There has been ongoing outcry from Drumheller and area residents about designs for dikes and berms along the Red Deer River.
One concern in particular is the proposed use of these flood mitigation systems for walking paths and biking trails, and how large the berms will be to accommodate a path or trail.
“Much of our flood mitigation is now as a result of the controlled flow via Dickson Dam,” Red Deer Councillor Lawrence Lee told the Mail.
Drumheller, being downstream of Dickson Dam and the City of Red Deer, also benefits from controlled flow at the dam. This was crucial during the flood event of 2005, though dike and berm structures also provided further protection to the community.

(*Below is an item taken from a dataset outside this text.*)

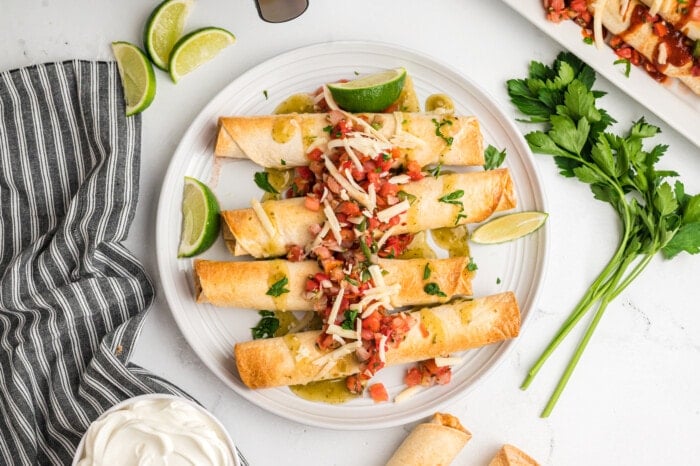 Air Fryer Chicken Taquitos on a white plate.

In Northern Alberta the Town of Peace River is another river community familiar with flood events-most recently in April 2020 due to ice jams on the Peace River. To help protect the community against future flood events, a continuous dike system was established throughout the town, with approximately six kilometres of fully paved trail developed along this system.
“Our dike trail has become a very popular attraction offering a paved multi-use path along the river,” says Communications Coordinator Autumn Hulme. She adds the dike system is designed to accommodate flood events, including 1 in 100 year floods.
In the May 12 edition of the Mail, Chief Resiliency and Flood Mitigation Officer Darwin Durnie explained segments of the flood mitigation systems would be paved with more use of these areas possible in the future.
Final berm designs for the Town of Drumheller have not yet been released at this time.